La règle n'est pas une clarification technique. C'est un changement structurel : pour la première fois, les Émetteurs de Stablecoins de Paiement Autorisés (PPSIs) seraient classés comme institutions financières en vertu du Bank Secrecy Act et tenus d'exploiter des Programmes d'Identification des Clients (CIP) équivalents dans leur substance à ceux maintenus par les banques commerciales.

Si vous émettez, rachetez, convertissez ou assurez la garde d'un stablecoin de paiement aux États-Unis, cette proposition concerne directement votre infrastructure d'onboarding.

Ce que le GENIUS Act a Réellement Accompli

Le Guiding and Establishing National Innovation for US Stablecoins Act, promulgué en 2026, a établi le premier cadre fédéral de licences pour les stablecoins de paiement. Parmi ses dispositions, la loi a chargé les régulateurs bancaires fédéraux et FinCEN de traiter les PPSIs comme des institutions financières en vertu du Bank Secrecy Act.

Cette désignation a des conséquences concrètes : elle implique des exigences de programme LCB, des obligations de signalement d'activités suspectes et — via la proposition CIP NPR — une identification obligatoire du client avant l'ouverture de compte. Une réglementation parallèle publiée en avril 2026 a traité les exigences de programme LCB/FT et de conformité aux sanctions.

Ensemble, les deux règles amènent les émetteurs de stablecoins au même niveau de conformité de base que les banques avec lesquelles ils coexistent.

Les Quatre Piliers de la Règle CIP Proposée

Les exigences du Programme d'Identification des Clients proposé pour les PPSIs s'articulent autour de quatre obligations opérationnelles que chaque équipe conformité d'un émetteur de stablecoins doit cartographier face à son flux d'onboarding actuel.

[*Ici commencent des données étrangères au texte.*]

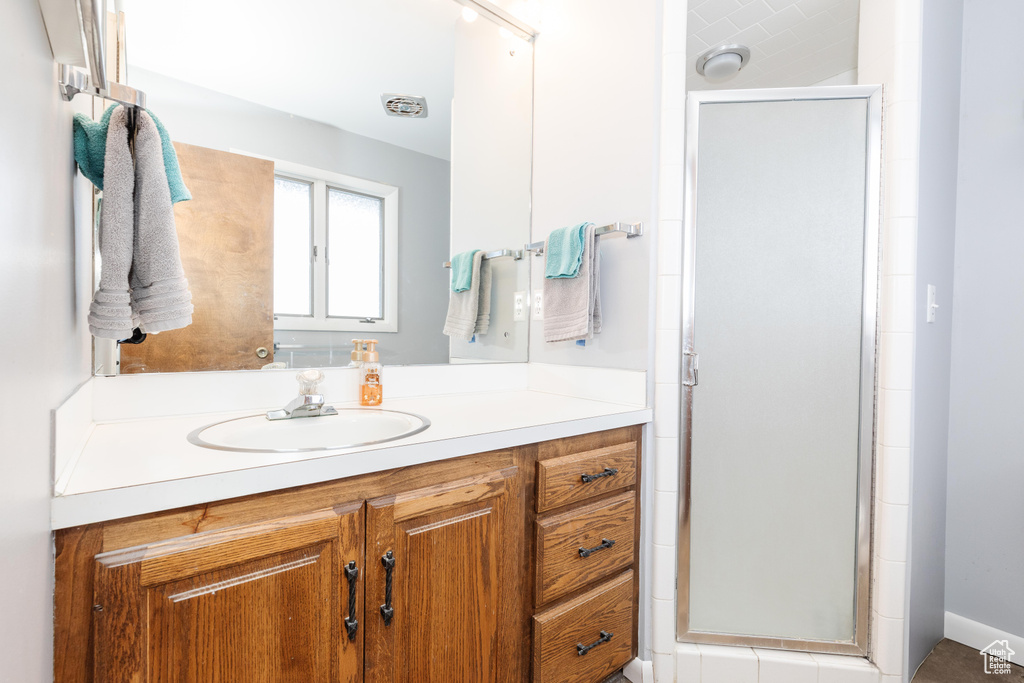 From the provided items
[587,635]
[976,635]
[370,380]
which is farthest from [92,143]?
[976,635]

1. Politique CIP Écrite et Basée sur le Risque

Les émetteurs doivent maintenir un CIP écrit intégré dans leur programme LCB/FT plus large. La politique doit être fondée sur le risque : les clients à risque plus élevé nécessitent des procédures de vérification plus intensives ; les clients à risque standard peuvent être traités avec une vérification allégée, mais dans des limites définies. La politique écrite doit être révisée et mise à jour au fur et à mesure que les profils de risque évoluent.

Il s'agit d'une exigence opérationnelle significative pour les émetteurs qui s'appuient actuellement sur des processus d'onboarding informels ou des flux gérés par des tiers sans documentation de politique interne.

2. Collecte de Données Obligatoire Avant l'Ouverture de Compte

Avant d'ouvrir un compte, les émetteurs doivent collecter :

Élément de données Obligatoire
Nom légal complet Oui
Date de naissance Oui
Adresse (résidentielle ou professionnelle) Oui
Numéro d'identification délivré par le gouvernement Oui

Pour les personnes américaines, le numéro d'identification gouvernemental est un numéro d'identification fiscale (SSN, ITIN ou EIN). Pour les personnes non américaines, les agences proposent d'accepter un numéro de passeport ou un document officiel étranger équivalent, accompagné du pays d'émission.

Cette exigence de collecte s'applique à l'ouverture du compte. La règle proposée ne permet pas de différer la collecte jusqu'à ce que le client ait initié des transactions.

3. Vérification d'Identité dans un Délai Raisonnable

Collecter des données ne suffit pas. Les émetteurs doivent vérifier que le client est bien qui il prétend être. La règle proposée adopte le standard du « délai raisonnable » utilisé dans les règles CIP bancaires : la vérification doit avoir lieu avant ou peu après l'ouverture de compte.

Les méthodes de vérification acceptables comprennent la vérification documentaire (contrôle des documents d'identité), la vérification non documentaire (requêtes de bases de données, agences de crédit, registres publics) ou une combinaison des deux. Pour les émetteurs numériques opérant sans agences physiques, la vérification non documentaire — consultation de sources gouvernementales faisant autorité, vérification biométrique ou détection de vivacité — est le standard pratique attendu.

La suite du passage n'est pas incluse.